Eugenio Bocchino
La Morra - Piemont
Eugenio Bocchino and Cinzia Pelazza cultivate 5.5 hectares of vineyards in La Morra, in the heart of the Barolo region. Some of these were once owned by Cinzia's grandfather, while others have been added over the course of her 20-year career as winemakers. Similar to the small-scale structure of Burgundy, single vineyards are also rigorously vinified in Barolo, although the hierarchy of the vineyards is much more democratically organized. There are no Grand and Premier Crus here, but centuries of experience have nevertheless crystallised subtle differences between the villages, the individual sites, the exposures and their reputations.
NEBBIOLO WORLDS
Eugenio and Cinzia vinify 95% Nebbiolo, the great variety of the region. The most famous of their crus is the La Serra vineyard. They own old and young vineyard blocks there, which they vinify separately and only bring together shortly before bottling. Intensity and power take centre stage in La Serra. A second Barolo does without the vineyard designation and instead bears the name of their daughter Lu. Here, the structure is tighter, with ageing taking place in larger oak barrels and for a year in cement. Power is replaced here by elegance, intensity by subtlety. The third great Nebbiolo is not a Barolo, as the La Perucca vineyard is located exactly between Barolo and Barbaresco, but outside of the two sacred Nebbiolo zones.

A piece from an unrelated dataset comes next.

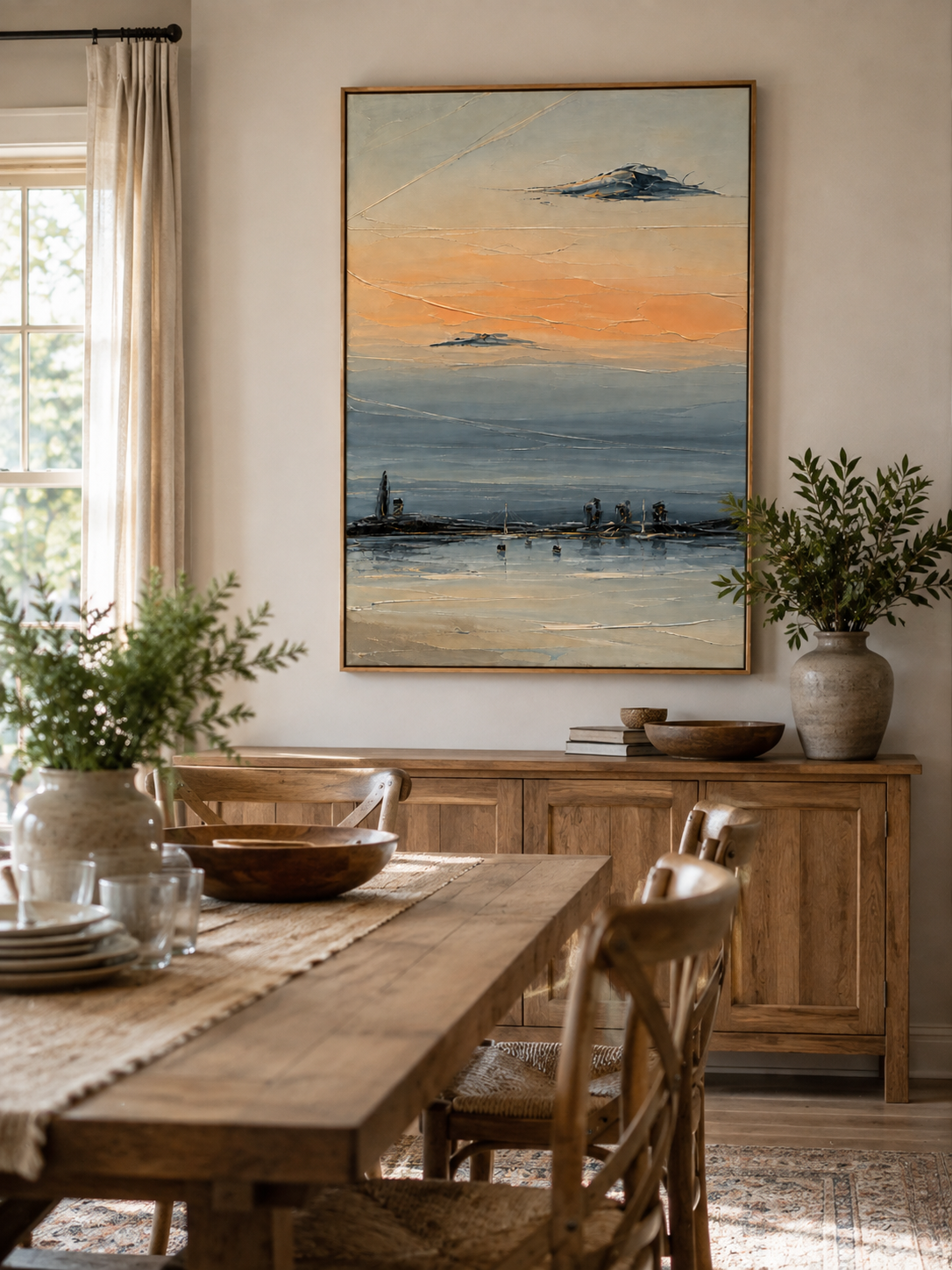 Hand-painted textured harbor sunset wall art displayed in a modern open-plan dining room with natural decor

La Perucca is less sandy than the other six parcels of the two. Its soil consists mainly of clay and limestone. A fourth Nebbiolo, the Roccabella, is elegant, purist and straightforward, finely knit and delicate and forms an impressive introduction to Eugenio's and Cinzia's Nebbiolo worlds.
5% of the vineyard area belongs to Barbera, which Eugenio and Cinzia cultivate and vinify with the same meticulousness as their Nebbiolos.
After conventional beginnings, the two first switched to organic farming and then to biodynamic farming in 2010. They are members of Nicolas Joly's Renaissance de Terroir group and the natural wine movement ViniVeri. In the vineyard, they are constantly endeavouring to reduce sulphur and copper as much as possible. To achieve this, Eugenio also experiments with various preparations and oils. The wines are fermented spontaneously in the cellar and matured mainly in large wooden barrels. There is no filtering or fining and, with the exception of a little sulphur, the two do not use additives of any kind.
ps: A few years ago, Cinzia and Eugenio gave in to their passion for Sardinia and its wine and acquired three hectares of vineyards in Gallura, where they vinify Vermentino using the same principles as in Barolo.